Calling leak() (whether on a Vec or Box) prevents drop() from running and ultimately skips std::alloc::dealloc(), ensuring that virtual memory is not released back to the allocator.
However, an operating system kernel independently decides when to assign physical memory to a virtual memory region.
The OS is required to allocate physical memory when you write data to that region.
However, if the OS detects that you are only writing zeros, it can simply mark the virtual region as "all zeros" without actually assigning physical pages. Many OS kernels implement such optimizations. Some even scan memory for duplicate pages (pages containing the same data) and apply some sort of reference counting (copy-on-write) techniques to save physical memory.
The real world is always more complex than it seems...
Also a heads up that Linux at least won't actually report an out of memory error in most default configurations, it will just kill something.
(I had the "fun" experience a long time ago of a Ubuntu server always deciding that sshd was obviously not doing anything useful when the web server chewed up all the memory.)
I know. But that's not the issue I'm triggering. I am actually triggering Linux to access memory it thinks it has, but actually hasn't. In our case there are 512 MB of physical RAM built in, but they are reported as being 1G. When the program reaches the critical amount of RAM that was available before it started, the kernel panics when trying to access memory that is not there. We wanted to confirm that this actually happens and that the RAM chip is indeed only half of what's reported to the OS, which we did.
Regarding your Ubuntu SSH issue, this seems like improperly distributed OOM score.

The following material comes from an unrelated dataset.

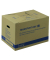 Umzugskartons Transportbox L extrastrong 30000925 braun, bis DIN A3+, innen 500x350x355mm, Karton 1-wellig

Yeah, but if you're testing locally without knowing that it might be a Fun Surprise
I can't speak to the OOM configuration, it was whatever was out of the box on both the host os and app (I gave up trying to figure out what the issue there was), I "solved" the issue by whacking every memory limit dial on the app down until the issue went away and added an alarm for memory usage. And then by us dropping the app
simple code that constructs a doubly-linked list of pages, ensuring they're allocated and not duplicates, so linux has to actually use that many physical pages:
use std::cell::Cell;
#[derive(Default)]
#[repr(align(4096))]
struct Page {
next: Cell<Option<&'static Page>>,
prev: Cell<Option<&'static Page>>,
}
fn main() {
let head = &*Box::leak(Box::new(Page::default()));
let mut tail = head;
for memory_usage in (2u64 * 4096..).step_by(4096) {
let next = &*Box::leak(Box::new(Page::default()));
tail.next.set(Some(next));
next.prev.set(Some(tail));
tail = next;
if memory_usage % (16 << 20) == 0 {
println!("{memory_usage} bytes");
}
}
}
Does writing code this way add any overhead to the program, and is it worth using constructs like this in everyday code? I ask because I like the style in which it is written.
It is fun to write but is less readable. The reader has to figure out the type of each intermediate expression in their head, rather than having intermediate variables with names that make them easier to see.